There’s also an undeniably nostalgic quality about listening to Chuck D rap and William “Flavor Flav” Drayton Jr. still playing the hype man on tracks. As the number of hip-hop legends that pass away seems to increase by the week, I legitimately worry that Flav could be the next to go if he falls back into any of his old habits. This topic seems to be on Chuck’s mind as well on “Rest In Beats” as he gives a salute to the artists we’ve lost, covering a wide range of musicians “from Heavy D to Eazy-E”, from old school artists like Big Bank Hank (Sugarhill Gang) to modern day rappers like The Jacka. At the same time he also bemoans the death of hip-hop (music) itself:
“We lost the art of everyone being in the same studio, rest in beats
The love for the art now dipped in the dome
We lost real flows, to MUMBLES and memes
We seem to have lost the idea that we were Kings and Queens
Where are the groups? Too many going solo
We lost streets teams, promo (to) YouTube and Vevo
Man I miss the time when you really had to rhyme
When lines weren’t reduced to ghetto, studio and cryme”
There’s an inherent danger for Public Enemy in general and Chuck D in particular here though of being oversimplified as “grumpy old men” who are out of touch with the hip-hop that came of age long after the era P.E. and N.W.A were rivals for the title of “the world’s most dangerous group.” I think that’s balanced by the fact Chuck and company are still MAKING music. He’d still hold a place of honor as wise veteran even if he wasn’t making tracks, and his opinion would still be just as valuable and needed for today’s practitioners of the arts, let alone our society as a whole. His active status though lends an air of relevance to his complaints though. Chuck’s not just talking about it, he’s DOING something about it.

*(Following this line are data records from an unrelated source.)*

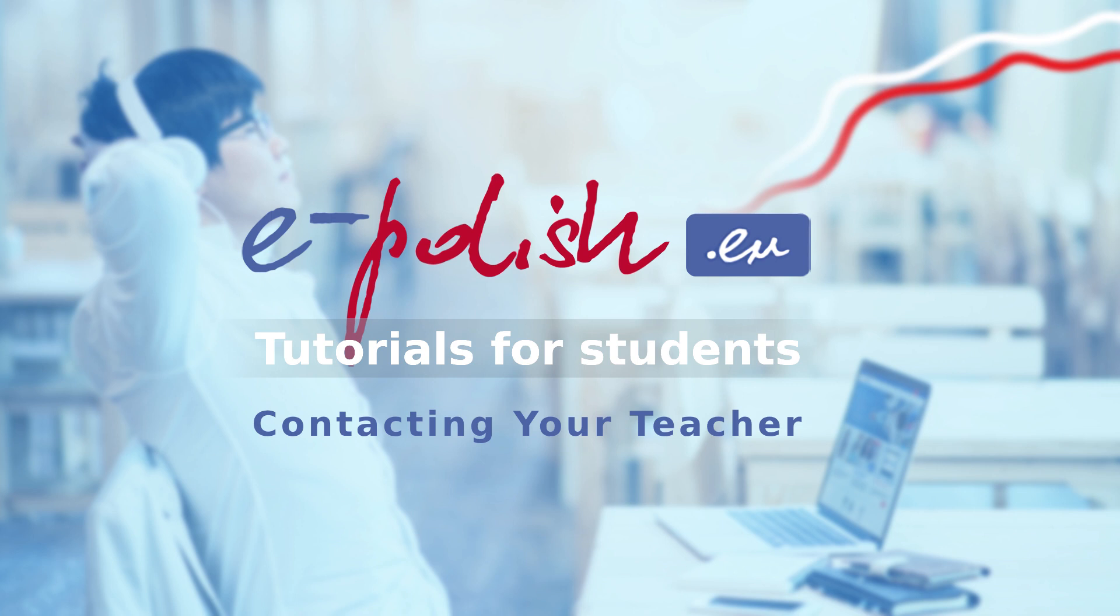Hello and welcome to ePolishEU. If you're looking to get in touch with your teacher on our platform, there are several ways to do so. The specific options available to you will depend on a few factors.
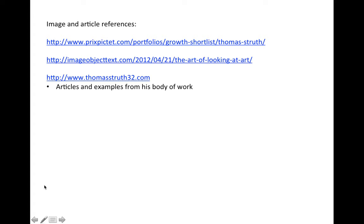So that will be all for me. Some references — this last one especially, they classify it based on his themes and his series as well. So if you want to look into that, it doesn't showcase his full body of work, but enough for you to get a sense of what it looks like. Okay, thank you. That will be all.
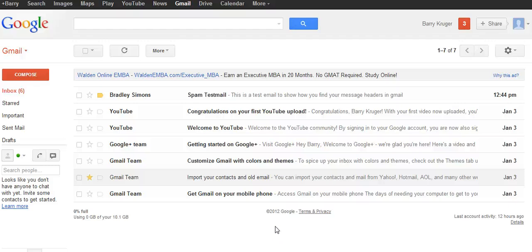Hi everyone and welcome to this tutorial on how to find your email message headers in Gmail. Message headers are included in every mail that you receive. The information in the message headers shows the source of the email and who sent it to you. This information is very useful, mainly when you'd like to report spam, as you can see who sent the email and where it is coming from.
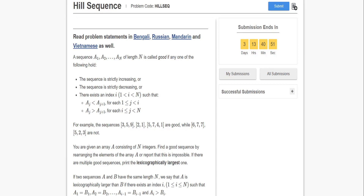Hello everyone, let's look at this problem: Hill Sequence from the November 2021 challenge. We are given integers in an array and we have to rearrange them to form a good sequence. A good sequence is one that is strictly increasing, strictly decreasing, or first strictly increasing and then strictly decreasing. Among all valid arrangements, we have to find the lexicographically largest one.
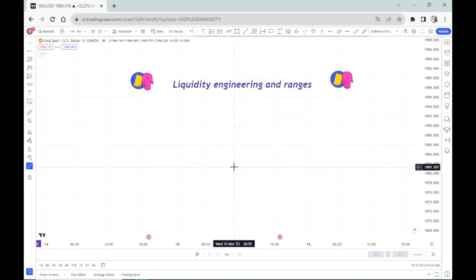Hey guys, how are you? In this video of the Basic Accounts of Submarket Algorithm series,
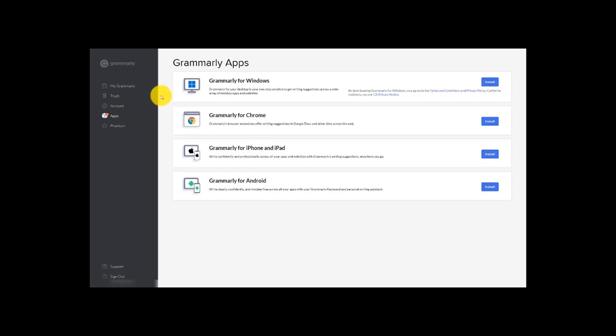So depending on what device you're using day-to-day, Windows, Chrome, iPhone, iPad, Android, you can come here and get an app that tailors your Grammarly experience to that device. So it's good to do that to get the most out of your Grammarly experience.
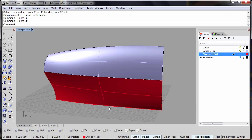The major improvement in sweeps in version 5 is the fact that they now will work with Rhino's history.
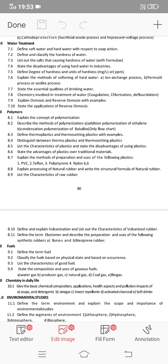Next, the methods of preparation and uses of the following plastics: PVC, Teflon, polystyrene, and Nylon 6,6 — these are also important. Section 8.8 covers the process of natural rubber and writing the structural formula of natural rubber — very, very important. Also, choose definitions of condensation polymerization and addition polymerization.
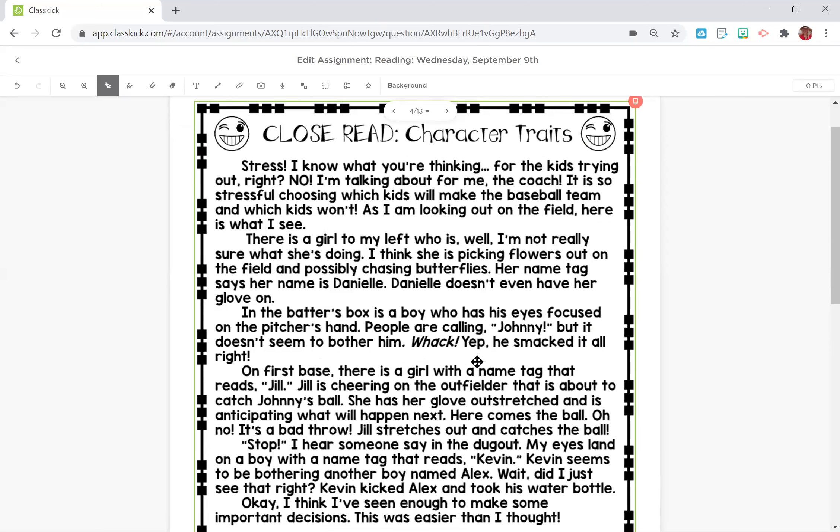As I am looking out at the field, here is what I see. Here is a girl to my left who — I'm not really sure what she's doing. I think she is picking flowers out on the field and possibly chasing butterflies. Her name tag says her name is Danielle. Danielle doesn't even have her glove on. In the batter's box is a boy who has his eyes focused on the pitcher's hand, and people are calling Johnny, but it doesn't seem to bother him.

That being said I wouldn’t mind if P.E. was open minded to working with some of those same “mumble” cats. How are they going to grow as artists if they don’t learn from the hip-hop pioneers who can show them a thing or two? And maybe, just maybe, a few of these young cats could teach a vet like Chuck D some new tricks too. As for the production I don’t mind what they’re laying down here, but if I said you could drive around blasting it loud and proud like “Fear of a Black Planet” I’d be fibbing. That’s not to say there’s no BOOM AND POUND anywhere to be found on “Nothing” but it’s not “Shut ‘Em Down” level like those old Bomb Squad albums from the 1980’s and early 90’s. That may just be me being a grumpy old man too. I suppose the bottom line is that Chuck still has important things to say, and even if this album were completely bereft of beats, I’d still want to hear him drop rhymes along with prophetic warnings of our impending doom. Maybe we’ll all heed the call before it’s too late.
EDITOR’S NOTE 7/05/17: The ENTIRE Bandcamp page is currently offline.